Summary: ADVENT II, YEAR B - Divine Comfort comes in response to Human Repentance. When we breath deeply in sorrow for our sins, God breaths deeply in providing the divine comfort of His presence.

On Thursday a member of our church received three visitors at her travel agency. But not quite the visitors you might expect. They hadn’t come to sign-up for a cruise to some warm tropical sea. The weren’t there to buy plane tickets or to make plans for a future vacation. The had stopped by to ask for a hand out. They had driven up from Florida for Thanksgiving, they said, and had been stopped by the police for not wearing their seat belts. That all sounds pretty familiar, It’s happened to me. But here is were the story began to get strange. Finding a knife in their thanksgiving turkey the police had impounded their car. Ok.... With no means of transportation they had stayed the night at the Y, but were told that one night was all they had. And with the shelter in Torrington full and no money to their name they had no place to stay. What would you do after hearing such a story? Now be honest, haven’t there been times after you’ve heard one sob story after another when you have longed to say (Rubbing two fingers together) “Do you know what this is? It’s the smallest violin in the world playing, ‘My heart bleeds for you’”

But we can’t say that can we? We’re Christians, we are suppose to show compassion and offer comfort, Aren’t we? Didn’t God proclaim through the prophet Isaiah “Comfort, comfort my people”. Hasn’t the apostle Paul declared, “Praise be to the God who comforts us every time we have trouble, so when others have trouble, we can comfort them with the same comfort God gives us.” Yes we are to show comfort, but comfort as God defines it. And that comfort can be a real surprise to those who want an easy touch. The Hebrew word Isaiah uses for comfort is not what one would expect. While it can mean ‘comfort’ it can also be translated “repent.” The word is nâham, and its root has the idea of breathing deeply or sighing. It can therefore mean to breathe deeply with sorrow for your sin, or to breathe deeply when you have found comfort or when you comfort and console someone else. Translators use the word comfort because the full message that came from God to Isaiah was, “Speak tenderly to Jerusalem, and proclaim to her that her hard service has been completed, that her sin has been paid for, that she has received from the Lord’s hand double for all her sins” Yes, offer comfort, because they have been redeemed, the price has been paid.

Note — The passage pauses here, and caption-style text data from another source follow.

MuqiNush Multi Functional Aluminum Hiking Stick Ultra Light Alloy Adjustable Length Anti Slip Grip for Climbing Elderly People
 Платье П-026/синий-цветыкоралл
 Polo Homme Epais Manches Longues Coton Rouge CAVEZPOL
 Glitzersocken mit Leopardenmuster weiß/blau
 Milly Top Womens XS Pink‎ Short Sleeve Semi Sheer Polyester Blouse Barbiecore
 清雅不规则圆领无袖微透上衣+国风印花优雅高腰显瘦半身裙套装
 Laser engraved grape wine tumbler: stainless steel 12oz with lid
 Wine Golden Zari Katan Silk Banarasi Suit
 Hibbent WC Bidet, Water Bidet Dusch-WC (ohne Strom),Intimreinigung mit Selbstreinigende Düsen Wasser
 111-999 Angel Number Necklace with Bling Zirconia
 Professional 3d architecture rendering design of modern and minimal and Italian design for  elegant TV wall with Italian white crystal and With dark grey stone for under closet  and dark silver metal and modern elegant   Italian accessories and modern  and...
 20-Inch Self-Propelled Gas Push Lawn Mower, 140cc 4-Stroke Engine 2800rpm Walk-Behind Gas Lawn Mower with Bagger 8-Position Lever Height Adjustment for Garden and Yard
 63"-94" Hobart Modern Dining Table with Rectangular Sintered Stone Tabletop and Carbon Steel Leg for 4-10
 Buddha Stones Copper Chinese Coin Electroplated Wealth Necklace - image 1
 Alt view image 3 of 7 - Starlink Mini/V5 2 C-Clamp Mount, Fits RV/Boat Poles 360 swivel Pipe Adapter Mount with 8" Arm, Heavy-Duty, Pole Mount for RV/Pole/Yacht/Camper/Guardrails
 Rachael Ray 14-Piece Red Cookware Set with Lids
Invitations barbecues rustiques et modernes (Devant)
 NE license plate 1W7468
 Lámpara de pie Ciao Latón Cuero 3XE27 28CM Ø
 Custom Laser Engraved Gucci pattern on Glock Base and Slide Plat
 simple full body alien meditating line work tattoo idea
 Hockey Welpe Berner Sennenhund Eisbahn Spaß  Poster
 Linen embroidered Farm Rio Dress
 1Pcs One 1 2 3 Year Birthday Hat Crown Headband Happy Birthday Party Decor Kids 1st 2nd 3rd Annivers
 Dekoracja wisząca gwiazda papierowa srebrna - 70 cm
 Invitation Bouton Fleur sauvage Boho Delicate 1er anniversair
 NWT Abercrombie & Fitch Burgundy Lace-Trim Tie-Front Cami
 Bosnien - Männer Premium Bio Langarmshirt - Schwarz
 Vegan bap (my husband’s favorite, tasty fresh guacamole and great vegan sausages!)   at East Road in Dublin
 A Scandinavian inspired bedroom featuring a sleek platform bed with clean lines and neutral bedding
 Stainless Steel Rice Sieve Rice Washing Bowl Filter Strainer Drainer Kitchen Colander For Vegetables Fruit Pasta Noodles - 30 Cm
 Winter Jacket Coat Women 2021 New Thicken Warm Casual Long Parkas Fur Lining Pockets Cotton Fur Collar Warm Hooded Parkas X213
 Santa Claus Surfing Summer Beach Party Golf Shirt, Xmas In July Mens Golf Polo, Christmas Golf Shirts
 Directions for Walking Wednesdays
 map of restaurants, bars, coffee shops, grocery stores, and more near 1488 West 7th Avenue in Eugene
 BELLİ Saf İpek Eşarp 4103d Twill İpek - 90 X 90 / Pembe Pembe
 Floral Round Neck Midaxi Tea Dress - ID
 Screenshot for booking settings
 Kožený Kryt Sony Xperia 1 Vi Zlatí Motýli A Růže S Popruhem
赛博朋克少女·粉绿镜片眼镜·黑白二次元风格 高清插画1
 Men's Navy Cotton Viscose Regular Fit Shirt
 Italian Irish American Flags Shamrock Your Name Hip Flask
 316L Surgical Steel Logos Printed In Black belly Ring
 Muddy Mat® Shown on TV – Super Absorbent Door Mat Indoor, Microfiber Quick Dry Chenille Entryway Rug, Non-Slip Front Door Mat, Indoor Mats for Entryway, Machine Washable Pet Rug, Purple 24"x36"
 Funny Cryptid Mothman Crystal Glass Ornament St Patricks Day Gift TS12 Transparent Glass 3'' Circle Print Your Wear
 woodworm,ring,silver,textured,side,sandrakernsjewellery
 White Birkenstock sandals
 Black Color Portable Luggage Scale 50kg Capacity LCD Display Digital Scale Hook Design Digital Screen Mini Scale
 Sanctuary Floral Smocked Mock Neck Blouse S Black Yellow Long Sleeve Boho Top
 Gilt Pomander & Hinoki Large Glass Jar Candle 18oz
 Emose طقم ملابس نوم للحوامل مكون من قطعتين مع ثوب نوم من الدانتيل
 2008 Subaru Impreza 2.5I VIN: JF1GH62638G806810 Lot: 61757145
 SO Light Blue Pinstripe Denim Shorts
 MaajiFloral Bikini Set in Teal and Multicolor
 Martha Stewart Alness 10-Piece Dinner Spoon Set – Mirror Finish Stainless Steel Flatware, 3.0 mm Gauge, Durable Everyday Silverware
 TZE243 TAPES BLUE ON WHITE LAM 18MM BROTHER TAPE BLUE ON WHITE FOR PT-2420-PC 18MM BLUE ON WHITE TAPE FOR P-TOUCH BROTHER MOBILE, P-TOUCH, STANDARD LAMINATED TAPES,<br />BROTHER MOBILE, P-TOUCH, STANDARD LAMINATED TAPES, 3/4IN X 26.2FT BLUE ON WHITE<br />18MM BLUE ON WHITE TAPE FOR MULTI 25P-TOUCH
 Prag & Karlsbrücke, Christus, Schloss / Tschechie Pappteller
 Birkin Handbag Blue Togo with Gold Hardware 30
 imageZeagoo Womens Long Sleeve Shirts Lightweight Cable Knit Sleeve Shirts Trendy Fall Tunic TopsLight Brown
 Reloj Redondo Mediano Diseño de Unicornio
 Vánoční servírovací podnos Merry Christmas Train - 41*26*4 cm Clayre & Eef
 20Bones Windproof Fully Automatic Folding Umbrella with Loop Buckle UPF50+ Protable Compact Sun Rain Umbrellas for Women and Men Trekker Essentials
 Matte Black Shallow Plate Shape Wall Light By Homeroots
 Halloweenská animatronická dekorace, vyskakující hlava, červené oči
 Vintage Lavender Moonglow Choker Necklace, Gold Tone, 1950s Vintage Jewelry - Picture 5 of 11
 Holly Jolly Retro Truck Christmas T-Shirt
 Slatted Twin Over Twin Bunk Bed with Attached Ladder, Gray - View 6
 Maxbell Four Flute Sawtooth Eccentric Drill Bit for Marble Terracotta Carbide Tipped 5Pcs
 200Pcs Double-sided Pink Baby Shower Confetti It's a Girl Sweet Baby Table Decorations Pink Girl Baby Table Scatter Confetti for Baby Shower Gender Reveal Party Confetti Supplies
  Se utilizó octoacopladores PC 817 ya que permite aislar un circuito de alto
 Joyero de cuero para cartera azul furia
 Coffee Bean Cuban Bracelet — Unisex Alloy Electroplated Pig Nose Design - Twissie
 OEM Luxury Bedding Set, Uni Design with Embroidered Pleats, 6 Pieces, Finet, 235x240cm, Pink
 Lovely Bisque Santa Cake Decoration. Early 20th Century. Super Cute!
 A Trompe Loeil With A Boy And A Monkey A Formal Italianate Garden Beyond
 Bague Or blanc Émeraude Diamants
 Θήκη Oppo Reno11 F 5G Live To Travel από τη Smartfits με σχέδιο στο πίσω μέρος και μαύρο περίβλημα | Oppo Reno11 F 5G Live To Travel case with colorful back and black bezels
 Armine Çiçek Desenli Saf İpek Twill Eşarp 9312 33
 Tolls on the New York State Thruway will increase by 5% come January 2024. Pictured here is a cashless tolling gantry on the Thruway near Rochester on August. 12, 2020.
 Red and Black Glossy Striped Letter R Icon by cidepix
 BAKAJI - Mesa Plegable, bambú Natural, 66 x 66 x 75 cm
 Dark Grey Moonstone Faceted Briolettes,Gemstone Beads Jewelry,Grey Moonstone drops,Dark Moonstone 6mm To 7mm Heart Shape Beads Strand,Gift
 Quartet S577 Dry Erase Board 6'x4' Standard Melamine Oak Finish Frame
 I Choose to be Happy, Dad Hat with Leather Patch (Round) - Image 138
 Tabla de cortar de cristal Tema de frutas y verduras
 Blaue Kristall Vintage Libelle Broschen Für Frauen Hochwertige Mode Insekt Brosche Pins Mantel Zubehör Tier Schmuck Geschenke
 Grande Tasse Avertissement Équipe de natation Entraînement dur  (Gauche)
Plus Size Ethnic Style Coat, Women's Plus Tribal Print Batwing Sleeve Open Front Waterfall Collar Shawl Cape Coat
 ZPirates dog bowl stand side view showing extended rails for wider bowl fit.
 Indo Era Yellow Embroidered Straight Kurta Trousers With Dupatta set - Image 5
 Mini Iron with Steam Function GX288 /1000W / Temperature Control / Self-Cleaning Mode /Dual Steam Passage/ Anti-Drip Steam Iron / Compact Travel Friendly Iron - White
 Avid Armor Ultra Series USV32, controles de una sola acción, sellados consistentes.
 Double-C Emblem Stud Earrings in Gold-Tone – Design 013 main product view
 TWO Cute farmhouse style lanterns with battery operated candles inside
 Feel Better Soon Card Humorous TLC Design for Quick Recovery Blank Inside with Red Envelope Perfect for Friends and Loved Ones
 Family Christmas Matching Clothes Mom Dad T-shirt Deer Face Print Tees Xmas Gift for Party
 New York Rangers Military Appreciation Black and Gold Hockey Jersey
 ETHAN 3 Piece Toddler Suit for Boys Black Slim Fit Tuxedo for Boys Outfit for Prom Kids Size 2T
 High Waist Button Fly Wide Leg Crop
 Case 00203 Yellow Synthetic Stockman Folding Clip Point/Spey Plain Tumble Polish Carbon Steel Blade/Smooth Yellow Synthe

But within that Biblical context is the idea that God’s comfort comes as a result of the people’s repentance. The people have done a lot of sighing in Babylon. They have lamented the cause of their captivity and recognized the source of their woes. And because they have breathed deeply in repentance, God has breathed deeply as he consoles and comforts them, for God is always merciful and gracious. Divine comfort comes in response to human repentance, the act of confessing how sin has broken our relationship with our Creator and how much we long for God’s healing presence. And in response to our deep felt repentance God’s responds, “I am with you.” God tells his messangers to proclaim good tidings the joyful word, “Your God is here!” Isaiah 40 through 66 is called the book of comfort, because it begins with this keynote of comfort and repeats that theme over and over. God allowed Isaiah to see into the future so he can offer hope to the nation in exile. But God also allowed Isaiah to see farther down the corridors of time and history. Isaiah saw the future day when there would be ulitmate deliverance from sin itself by one called Emmanuel, a name which means “God with us.” He saw how God would prepare for the coming of this messiah by sending a messenger ahead of him to prepare the way for his coming. It is to this promise that Mark opens his gospel with these words, “As it is written in Isaiah the prophet, ‘Behold, I send my messenger before thy face, who shall prepare thy way; the voice of one crying in the wilderness: Prepare the way of the Lord, make his paths straight.’” And so to comfort, to offer God’s nâham, is to call one another to repentence. It is through the act of repentance that we prepare ourselves for the coming of God. It is how we make straight the paths in our lives for God’s abiding presence with us. It is from this understanding that John says in the gospel of Matthew, “Bear fruit that befits repentance.”

God’s comfort is tough love, a love that calls us to personal responsibility for how we have lived our lives. And to repentence, the act of turning away from the direction we were headed and turning towards to the ways of God. We have such a hard time with that concept. We think that it means groveling. We think it means coming back from total depravity the sense of ‘wretched soul that I am.’ We think, “well that’s not me.” Maybe it isn’t, maybe it is. But repentance is simply one thing. Turning around. Turning from the direction you have been going and find a new way. Repentance is the married couple who in the midst of everyday life suddenly realize something just isn’t right and something has to change. Repentance is the parent who understands that the kids are acting wild because they don’t know how to handle this age, or this problem, or this phase that they, Mom or Dad, are going through. Repentance is the cry of the heart that says, “O God, I need your help.” And God will be there to offer you comfort. The comfort that says, “I am here.” The comfort that will say, “Make straight the path for the coming of the Lord.”